(Activity)
Among the lines below, keep only those from the one containing "La Roche-Posay - Crema" through the one containing "Chillax Women's Blue", and reproduce them exactly.

(Material provided)
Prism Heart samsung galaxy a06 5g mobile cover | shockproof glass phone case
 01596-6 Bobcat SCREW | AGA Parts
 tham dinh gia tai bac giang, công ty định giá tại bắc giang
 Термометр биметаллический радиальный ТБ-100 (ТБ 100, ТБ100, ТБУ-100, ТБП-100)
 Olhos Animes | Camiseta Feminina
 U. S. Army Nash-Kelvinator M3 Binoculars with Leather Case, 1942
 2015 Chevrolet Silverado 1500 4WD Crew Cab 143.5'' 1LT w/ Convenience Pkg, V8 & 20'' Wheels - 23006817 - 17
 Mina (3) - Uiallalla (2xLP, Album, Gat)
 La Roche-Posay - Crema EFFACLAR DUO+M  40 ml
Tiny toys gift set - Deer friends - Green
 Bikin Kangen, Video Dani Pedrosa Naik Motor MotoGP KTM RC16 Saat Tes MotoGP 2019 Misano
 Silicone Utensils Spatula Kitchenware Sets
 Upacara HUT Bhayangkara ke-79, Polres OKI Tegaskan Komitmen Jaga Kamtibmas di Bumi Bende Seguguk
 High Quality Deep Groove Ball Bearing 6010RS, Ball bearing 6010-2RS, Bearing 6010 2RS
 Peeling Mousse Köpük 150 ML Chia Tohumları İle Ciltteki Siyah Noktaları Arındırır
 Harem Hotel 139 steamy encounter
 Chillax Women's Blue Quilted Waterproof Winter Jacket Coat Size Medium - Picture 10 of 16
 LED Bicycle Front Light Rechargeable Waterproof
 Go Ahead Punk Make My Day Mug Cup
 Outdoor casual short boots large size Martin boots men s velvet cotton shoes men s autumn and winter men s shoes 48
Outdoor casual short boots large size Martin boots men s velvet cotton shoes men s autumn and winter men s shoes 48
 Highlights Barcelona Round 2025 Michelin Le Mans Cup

(Reply)
 La Roche-Posay - Crema EFFACLAR DUO+M  40 ml
Tiny toys gift set - Deer friends - Green
 Bikin Kangen, Video Dani Pedrosa Naik Motor MotoGP KTM RC16 Saat Tes MotoGP 2019 Misano
 Silicone Utensils Spatula Kitchenware Sets
 Upacara HUT Bhayangkara ke-79, Polres OKI Tegaskan Komitmen Jaga Kamtibmas di Bumi Bende Seguguk
 High Quality Deep Groove Ball Bearing 6010RS, Ball bearing 6010-2RS, Bearing 6010 2RS
 Peeling Mousse Köpük 150 ML Chia Tohumları İle Ciltteki Siyah Noktaları Arındırır
 Harem Hotel 139 steamy encounter
 Chillax Women's Blue Quilted Waterproof Winter Jacket Coat Size Medium - Picture 10 of 16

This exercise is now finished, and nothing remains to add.